INFORMATION SHOWN:

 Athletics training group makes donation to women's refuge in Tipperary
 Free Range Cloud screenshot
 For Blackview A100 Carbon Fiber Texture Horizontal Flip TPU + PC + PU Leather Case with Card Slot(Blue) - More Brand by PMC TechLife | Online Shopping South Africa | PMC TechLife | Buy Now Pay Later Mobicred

PROBLEM TO WORK ON: Copy out each line of the material above, word for word, from the first down to the line containing "Free Range Cloud screenshot". Add nothing.

ANSWER BELOW:
 Athletics training group makes donation to women's refuge in Tipperary
 Free Range Cloud screenshot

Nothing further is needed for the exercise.